Did you know that the Mulago elevator has an operator?? Me neither!! There’s a chap that sits there, so you have to tell him what floor you are headed to (they are like 5), then he pushes for you the button! This is great, I would NEVER have reached 3rd floor without the genius thinking of whoever put this guy there, coz getting to that button must be some hard shit!! This guy did industrial engineering goddamit, push a button? Now that’s some hard stuff!

Getting off the elevator (after trying not to breathe for like 5 minutes – germs and all), one enters a kind of flea market, all sorts of people just there on their floor – with their kids – and wires hanging from them to a nail on the wall, IV they call it. You’ve got to do some side-stepping moves to get through the crowd, coz the chap you know is in the “private wing”, which is a small cubicle at the corner of the ward.

It’s around this time that you ACTUALLY feel the malaria is kicking in, you feel nauseated and taste aspirin every second you breathe, and start asking questions like “why the hell did this guy get messed up? I should never have known him?” But that’s only if you are a Budo fella, they can’t stand this shit – mixing with poor folks! “Am Budonian goddamit, gotta sticker on the bumper of my car to show for it bitch!” they quip.

The so-called private wing ain’t that private, coz there’s 2 beds, and the other bed is occupied by some old chap, keeps coughing for air (ooooh, that’s so mean) and his equally old wife is trying to stuff brown porridge down his throat (ooohh, that’s so mea…..piss off conscience!)

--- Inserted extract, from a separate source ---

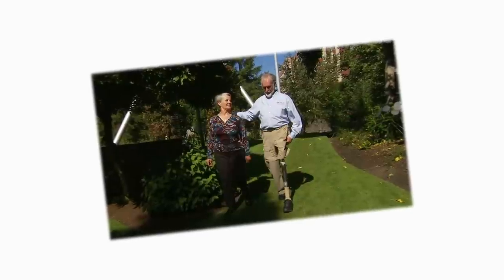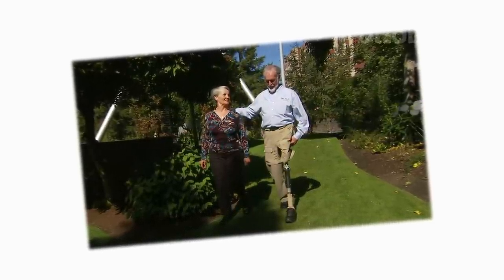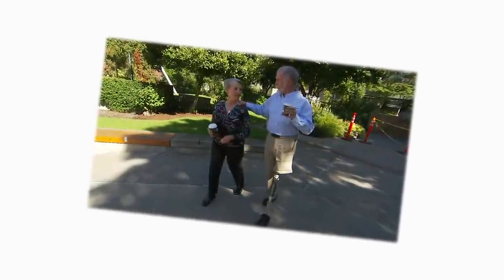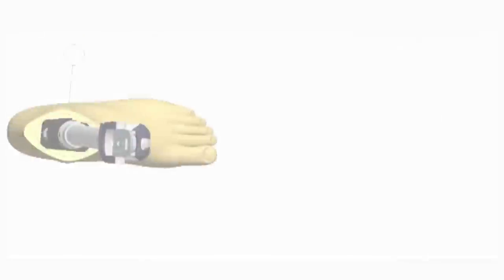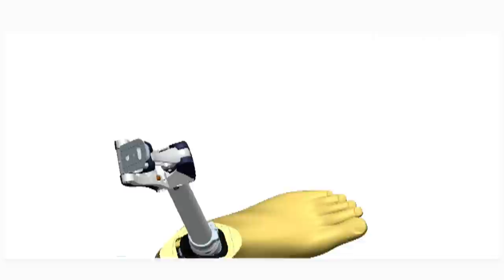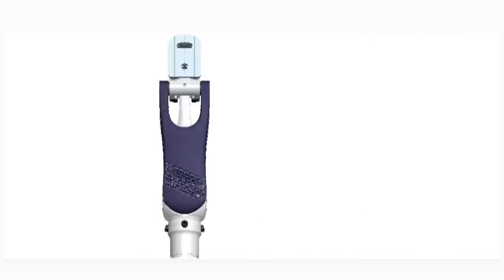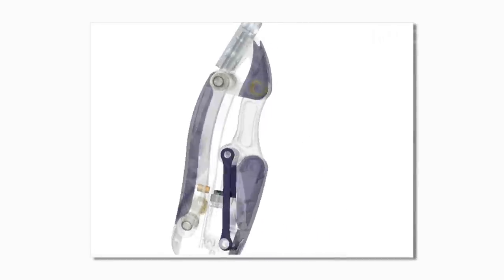The human pelvis rotates while you walk. This rotation helps you maintain balance and a natural walking pattern. Until now, no prosthetic hip joint provided this kind of movement. But the Helix actually flexes in a way that mimics the human pelvis. The unique polycentric design of the Helix hip rotates in and out, much like the human hip joint, as you are walking.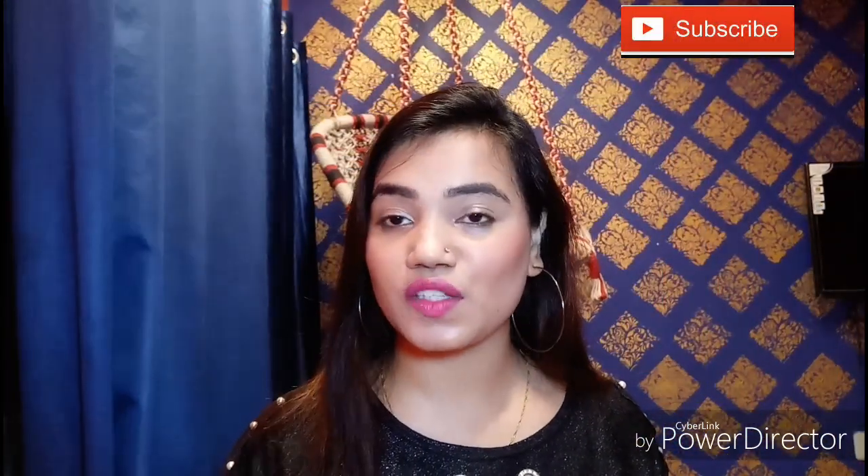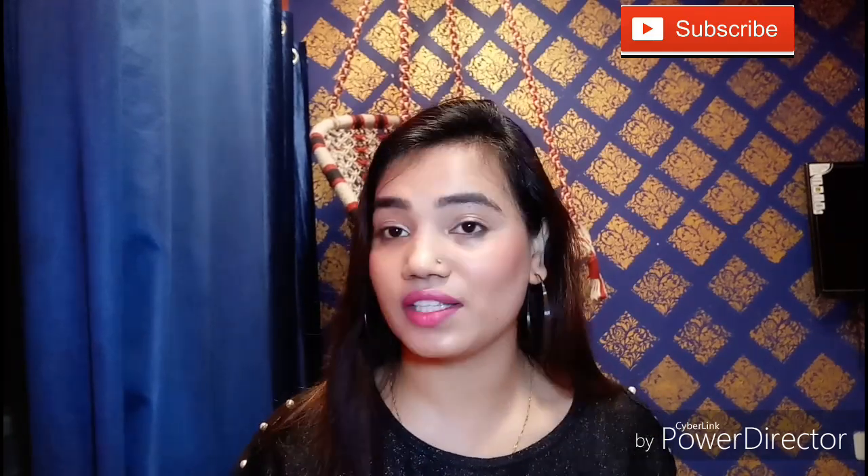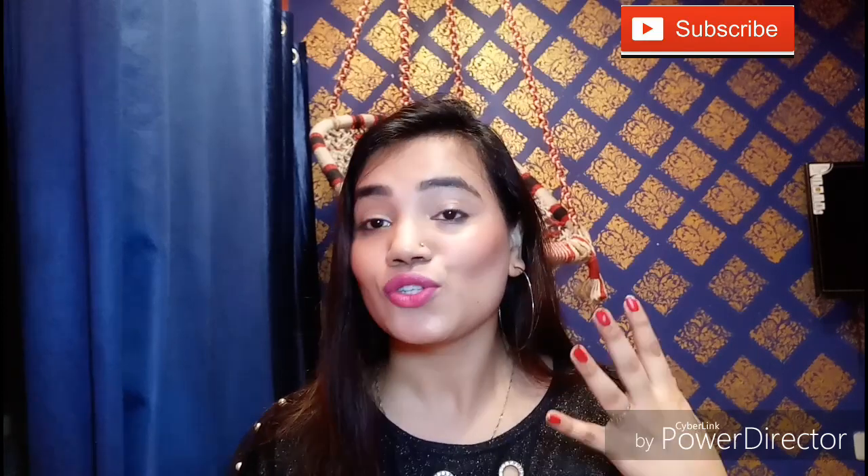So today's video is a first impression video. I'm going to use for the first time a sheet mask — the Face Shop green tea extract sheet mask. I'm very excited to try this out. My skin is oily skin, so I really don't know if it will be good for my skin, but I'm very excited to try this out.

Now you want to give this chap you came to visit his splash and take off, but the chick you are with starts asking stuff of “how are you feeling?” not good I’d suppose, I mean he just fell off a bike for christ’s sake. Then the card is unleashed “Get well soon you boda-riding punk you” didn’t we tell you to walk instead? He had a deal? Well how’s the deal going now? What? They cancelled it? What do you know! Next time be patient aaiit? Oh sorry, you are patient as we speak, hahaha patient, be patient, next time! (making fun of the sick will bring bad luck, if only you believe that shit!)

Time to leave “bodaboda” ward (fact: almost 5 boda accident victims enter this ward every hour, it was re-named boda-boda) and the side-stepping resumes, this time we have to use the steps, and some chap is spraying chlorine all-over the crib, smells like an empty swimming pool, but with a strange pungent twist, as if “Capital Pub”, so now you are falling sick for real, feels like food poisoning, but it’s the effects of the spray.

Now you vow never again to watch “House” or “Scrubs” coz hospitals ain’t that cool after all. Just pray you never get sick!